Romandie.com
 
Créer un blog | Noter ce blog | Signaler un abus
 
| Autre blog ? >>  

UDC-Grandson

Lorsque l’UE met le grappin sur les finances suisses

Au lendemain même du « oui » à la Loi sur la coopération avec les Etats d’Europe de l’Est, Bruxelles a décidé de s’attaquer au système fiscal Suisse exigeant l’interdiction de l’impôt dégressif. Les Jeunes UDC-Vaud appellent les autorités politiques à résister aux pressions bruxelloises et rejettent, par ailleurs, l’initiative socialiste « pour des impôts équitables » allant dans ce sens.

Une fiscalité fédéraliste nécessaire
Les nombreuses spécificités régionales de Suisse, qu’elles soient d’ordre culturelles ou économiques, justifient l’existence du fédéralisme permettant à chaque canton de s’autogérer dans un cadre d’activités qui lui est propre. Remettre en cause l’indépendance fiscale des cantons, c’est leur faire subir une pression financière et économique qui les empêche de se développer efficacement. La Suisse y perd et, contrairement aux préjugés que la gauche cherche à diffuser, les gens modestes en sont souvent plus fortement touchés que les plus aisés.

Indépendance et souveraineté
L’odieuse exigence de l’Union Européenne est le reflet de ses convoitises sur la Suisse dont elle entend faire mourir l’économie à petit feu. Ainsi, la Suisse se retrouvant en position d’infériorité se montrerait bien plus docile et susceptible d’accepter l’adhésion. La Suisse se doit, au nom de sa dignité et de sa subsistance, de rejeter les pressions étrangères soutenues par la gauche adhésioniste.
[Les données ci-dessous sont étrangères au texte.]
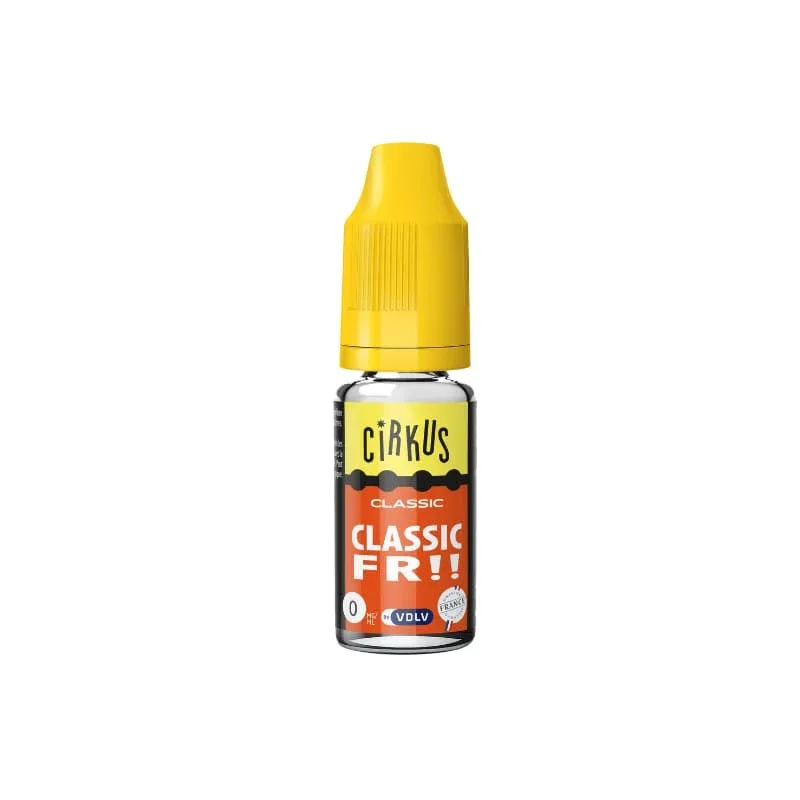 E-liquide Classic FR 10ml – VDLV Cirkus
L’effet du bouquet de fleurs
Après que l’UE soit venue lui quémander des fonds d’aide au développement pour les Etats membres de l’Est, la Suisse lui a généreusement « offert ce bouquet de fleurs », selon l’expression de l’ancien Conseiller Fédéral Joseph Deiss, et se destine d’ores et déjà à lui verser des fonds supplémentaires (notamment 350 millions de francs lors des prochaines adhésion de la Roumanie et de la Bulgarie). Résultat des courses: elle se fait aujourd’hui insulter par l’Union Européenne qui l’accuse à tort de ne pas respecter les accords bilatéraux de 1972. La Suisse doit-elle encore tendre la joue ?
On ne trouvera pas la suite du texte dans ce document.